This summer, UK publisher Carcanet joins forces with Reykjavík/Manchester based publisher Partus to put out “Waitress in Fall”, a collection of poetry by Kristín Ómarsdóttir. The book presents a selection from Kristín’s career, including poems from her seven poetry books, published between 1987-2017.
It’s a unique volume that presents the reader with a remarkable picture of a poet’s career. Kristín’s unmistakable voice escorts the reader from early leaps into middle-aged maturity, with lines that trip into one another, passing swiftly from lightness to despair and back again.
A considered selection
The poems are selected and translated by Vala Thorodds, Partus’s founding director. The collection marks the publisher’s first foray into English language publication—a change of direction that bodes well for those left unsatisfied by the relatively slim selection of translated Icelandic literature.
For Kristín, reading the translations was an enlightening process, and she praises Vala’s choices as a translator and editor. “She revealed the poems to me anew in her translations,” Kristín enthuses. “The selection that she decided on forms a unified work that draws out aspects of my poetry that I’d hardly noticed myself.
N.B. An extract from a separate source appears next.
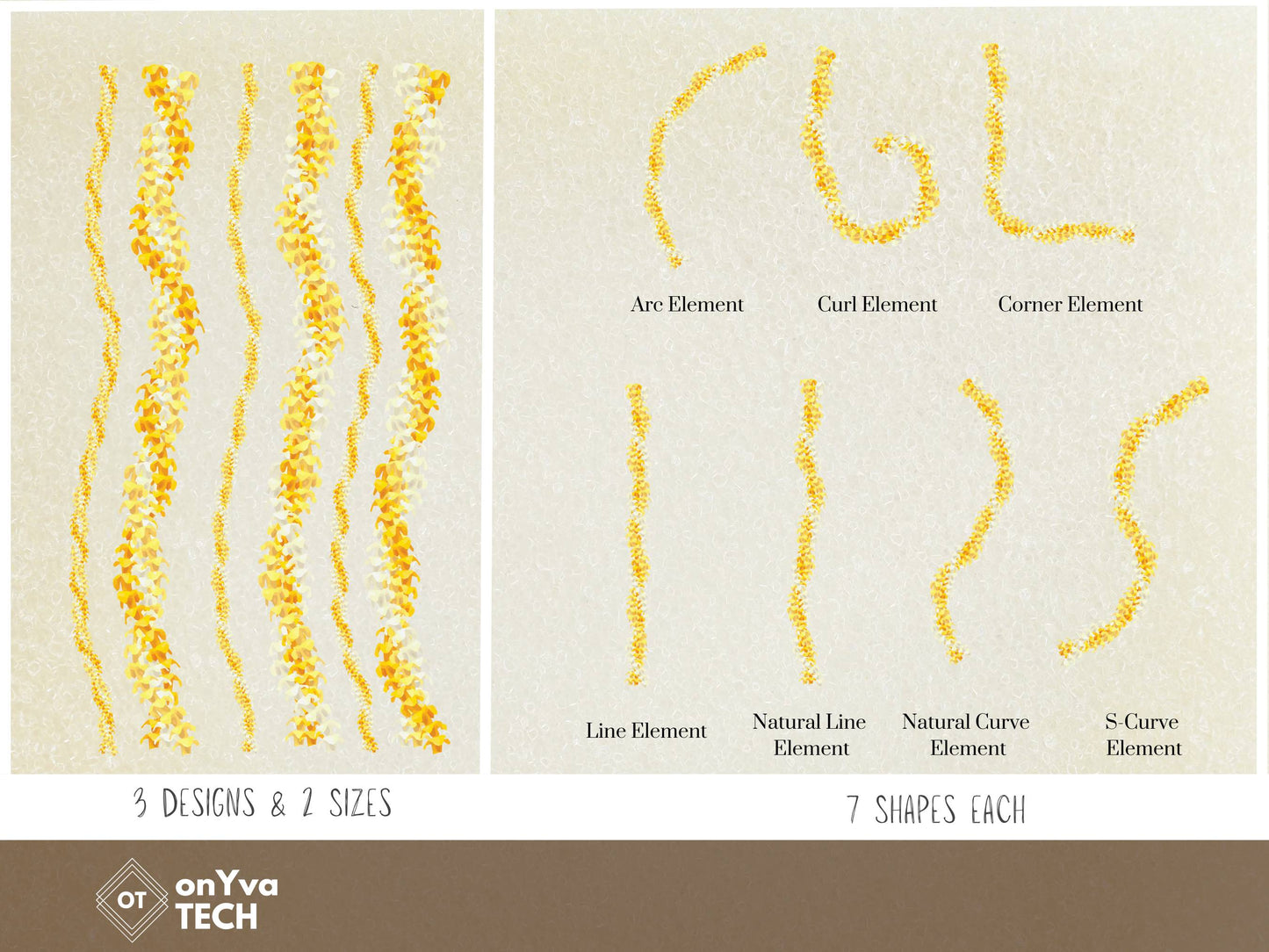 Puakenikeni Tricolor 3 Strand Twist Lei | Hawaiian PNG Decorative Element Set | Digital Download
I’m also very grateful for her daring, as she chose many poems that I never dared to read publicly, back when the collections were first published.”
Keeping the future at bay
Despite her novel “Children in Reindeer Woods” being published by US publisher Open Letter Books in 2012, the collection is the first major publication of Kristín’s poetry in English. However, she does not dwell on the daunting possibilities of this new readership, choosing to suspend her expectations of how Anglophone readers will take to her poetry.
“I never really look further than where my next meal might come from,” she admits. “It makes me ill-prepared for the future but it also comes with a sense of freedom—not thinking things through means ignoring consequences and deferring trauma.”
Still, looking over the arc of her career in a single volume is a strange experience. “I clearly remember the girl who wrote the oldest of these poems,” she explains. “When I read them now, she’s there. I remember where and when I wrote each poem, all the work I put into them. In some cases, I even remember the initial spark. When I think of that girl, I feel like I can learn so much from her, far more than I can learn from the me who’s here now. There’s nothing I can teach that girl; I can’t arbitrate the past.”
The poet and the novelist
Alongside her poetry, Kristín has won several awards for her plays and novels and has been nominated for the Icelandic Literature Prize four times. Still, she maintains that she feels most liberated as a poet. “A poet is only responsible to language and to the poetic form—as well as having a duty to pass on the embers in the chain-reaction that leads from one generation of poets to another,” she says. “There is also some dim obligation to the reader, but when I’m a poet, I don’t feel the need to please people, myself included. My eyes are free and not those of a slave, or so I hope.”
“Alternatively, the novelist in me is the most eager to please,” she continues. “That’s my latest theory, though it might be deluded nonsense. Sometimes, I feel as if I have knowingly surrendered to the entertainment industry that has almost overtaken the Icelandic novel, but if I have been guilty of doing so, it was only as a means of surviving in a market-driven society. That and a manic egotism that I like to think I’ve put behind me.”
Repetition and rhythm
As the poems drive the reader onward through the decades, passing haunting landscapes, surreal scenes of domestic life and shrines to the physicality of womanhood, there is a sense of rhythm and voice that carries throughout. A notable addition is the powerful use of repetitions in some of the more recent poems, though Kristín claims that such rhythmic choices harken back to her earliest unpublished work.
“There was a lot of repetitions of sentences, words, sounds and rhythms in the poetry I wrote as a teenager,” she says. “Poetry is a form of dancing. I think that going right back to the beginning there is an underlying beat that controls all poetry.” She grimaces. “Repetition is also a common trait of those who no one listens to—such as women. Not too long ago, women would have to repeat themselves over and over again because no one was listening to them—hoping that maybe this time their message would find its way through the sound barriers.”